MATERIAL TO PROCESS
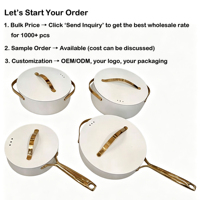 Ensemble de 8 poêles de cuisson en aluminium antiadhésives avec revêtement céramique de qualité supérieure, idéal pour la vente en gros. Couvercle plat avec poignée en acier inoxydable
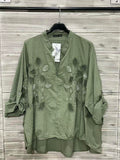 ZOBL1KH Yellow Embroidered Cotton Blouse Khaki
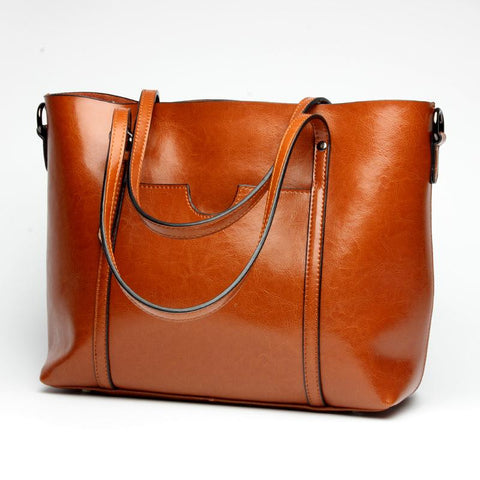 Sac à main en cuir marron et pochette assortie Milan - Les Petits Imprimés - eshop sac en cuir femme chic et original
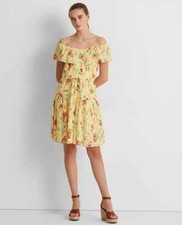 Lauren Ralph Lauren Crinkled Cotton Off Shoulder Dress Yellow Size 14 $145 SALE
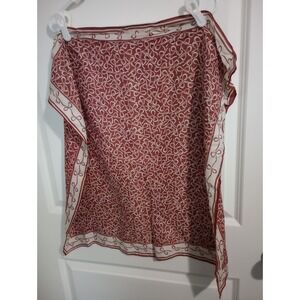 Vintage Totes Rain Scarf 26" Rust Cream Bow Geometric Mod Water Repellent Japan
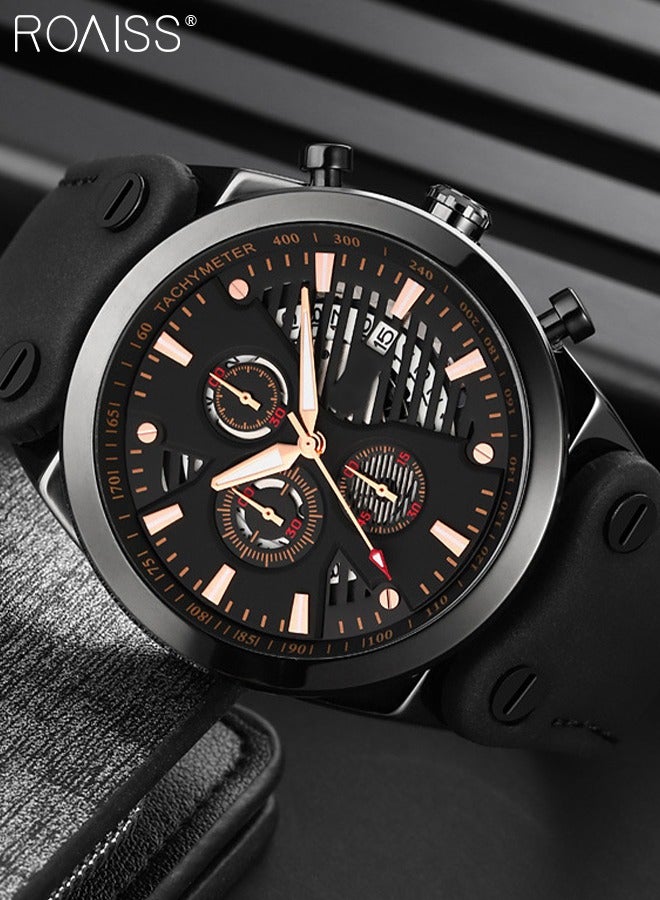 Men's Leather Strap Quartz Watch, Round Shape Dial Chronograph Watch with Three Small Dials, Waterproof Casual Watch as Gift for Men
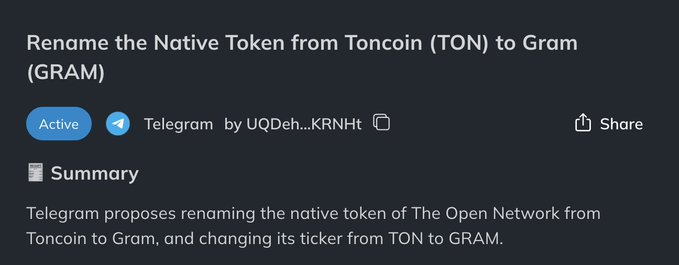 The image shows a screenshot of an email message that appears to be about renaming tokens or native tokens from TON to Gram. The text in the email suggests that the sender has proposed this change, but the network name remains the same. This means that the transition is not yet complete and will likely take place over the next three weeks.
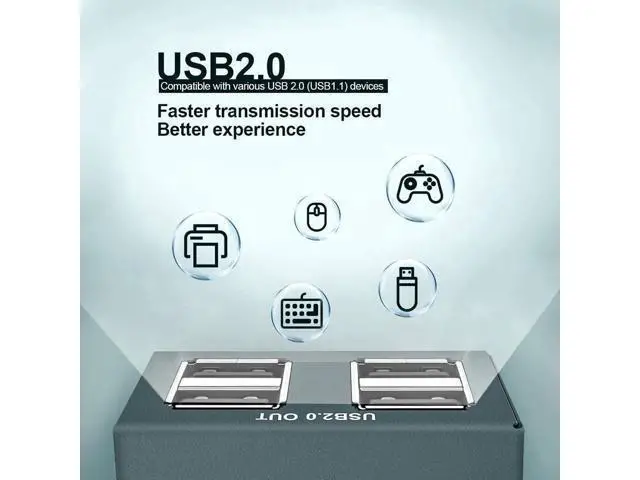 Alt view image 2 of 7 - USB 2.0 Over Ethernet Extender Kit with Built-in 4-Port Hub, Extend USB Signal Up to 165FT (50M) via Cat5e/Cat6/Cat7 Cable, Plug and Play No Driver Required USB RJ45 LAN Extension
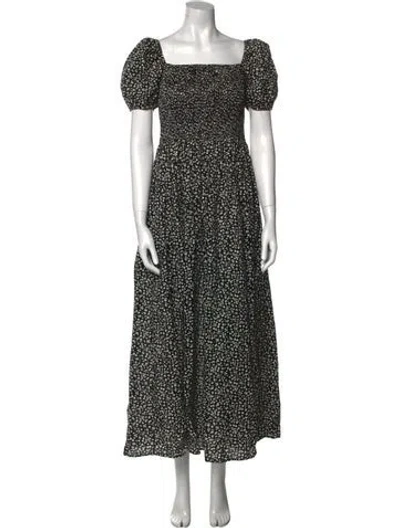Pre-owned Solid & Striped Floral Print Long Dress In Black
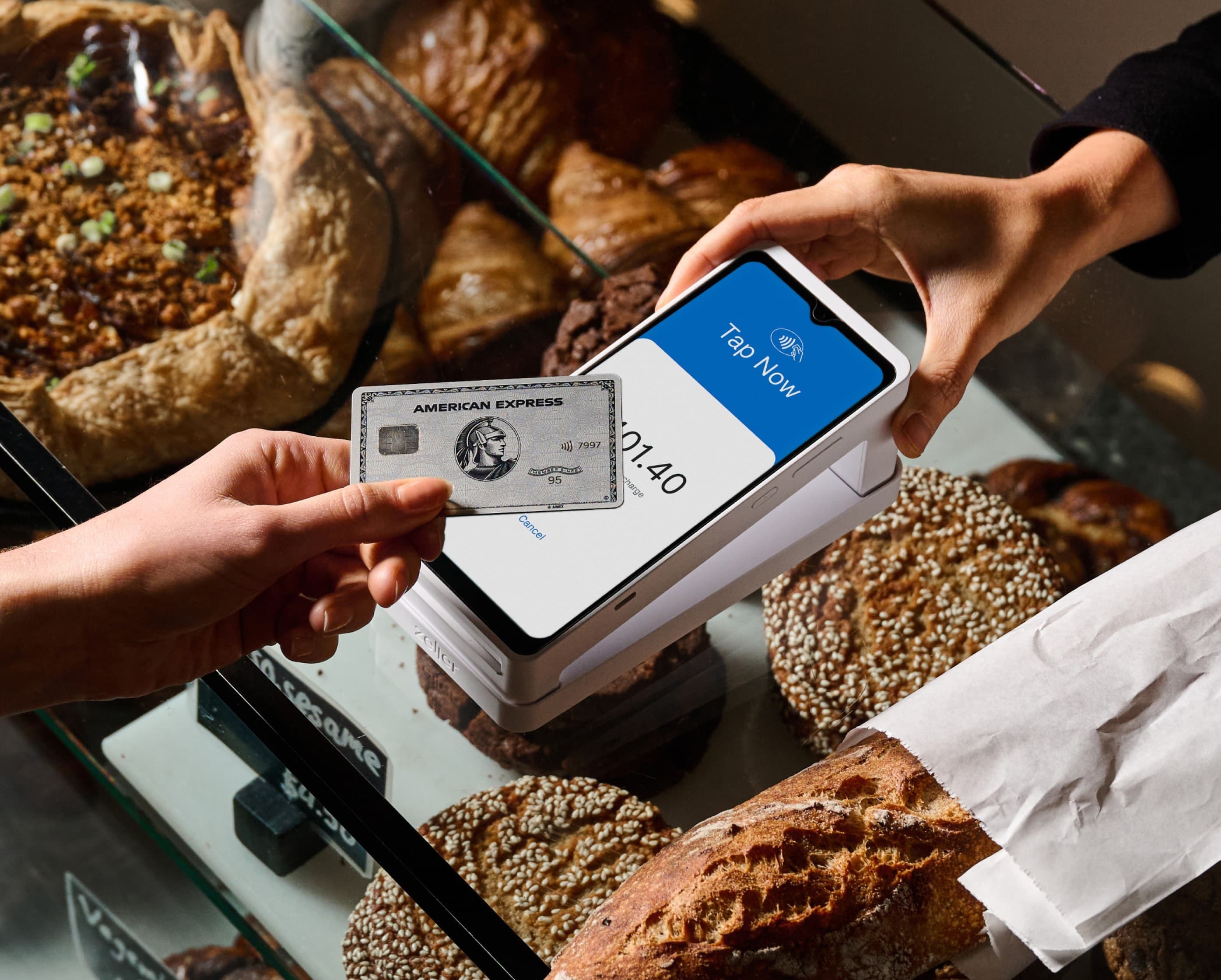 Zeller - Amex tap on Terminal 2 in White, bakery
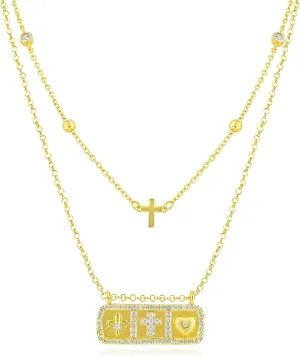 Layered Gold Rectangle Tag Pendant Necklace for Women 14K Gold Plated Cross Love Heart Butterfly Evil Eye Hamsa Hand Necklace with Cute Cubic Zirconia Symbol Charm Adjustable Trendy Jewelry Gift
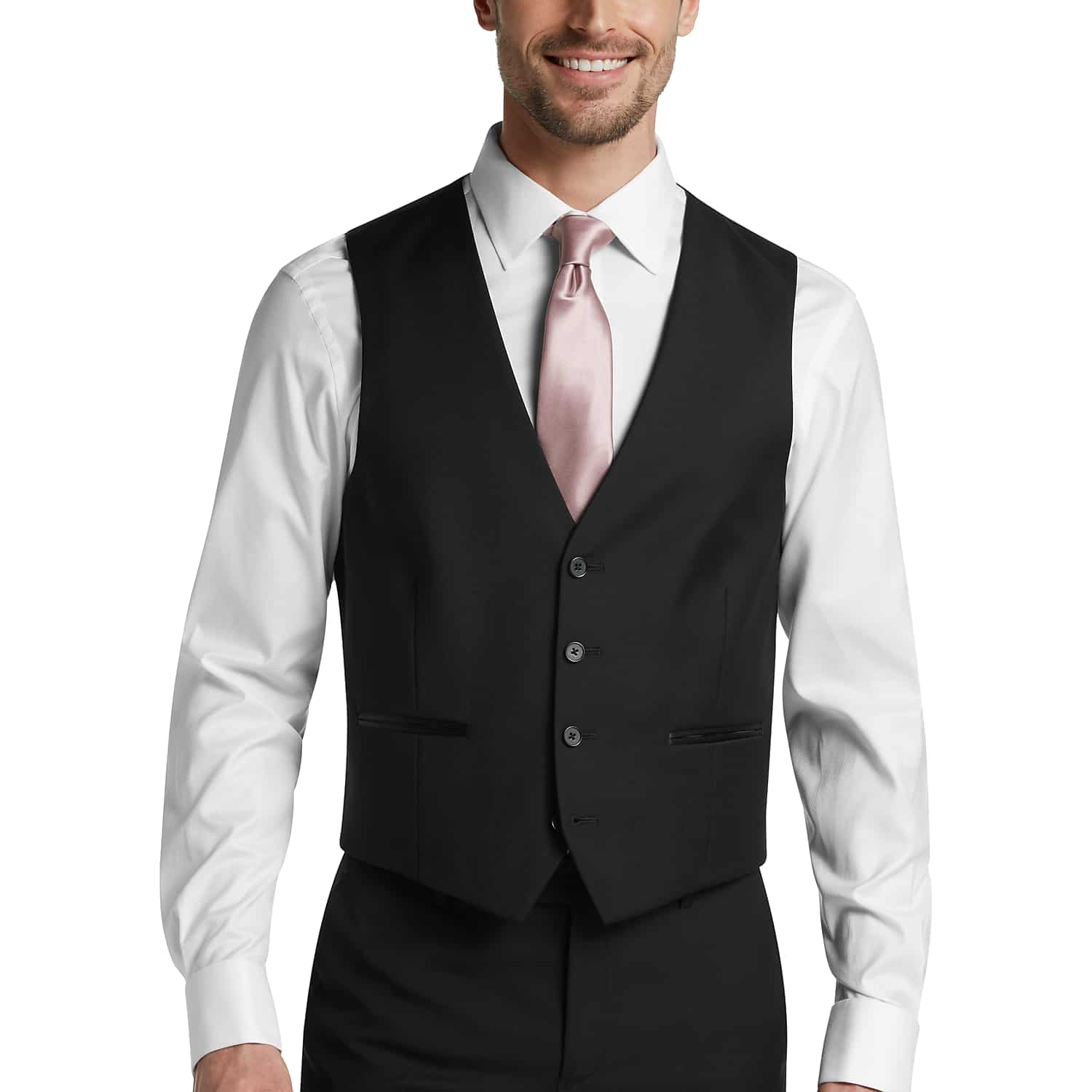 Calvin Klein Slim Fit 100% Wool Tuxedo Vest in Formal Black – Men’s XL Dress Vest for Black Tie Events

HOW TO COMPLETE THIS TASK
Please give back an exact copy of the entries above from their first line through the line containing "Men's Leather Strap", leaving the pictures aside.

RESULT OF THIS EXERCISE
 Ensemble de 8 poêles de cuisson en aluminium antiadhésives avec revêtement céramique de qualité supérieure, idéal pour la vente en gros. Couvercle plat avec poignée en acier inoxydable
 ZOBL1KH Yellow Embroidered Cotton Blouse Khaki
 Sac à main en cuir marron et pochette assortie Milan - Les Petits Imprimés - eshop sac en cuir femme chic et original
 Lauren Ralph Lauren Crinkled Cotton Off Shoulder Dress Yellow Size 14 $145 SALE
 Vintage Totes Rain Scarf 26" Rust Cream Bow Geometric Mod Water Repellent Japan
 Men's Leather Strap Quartz Watch, Round Shape Dial Chronograph Watch with Three Small Dials, Waterproof Casual Watch as Gift for Men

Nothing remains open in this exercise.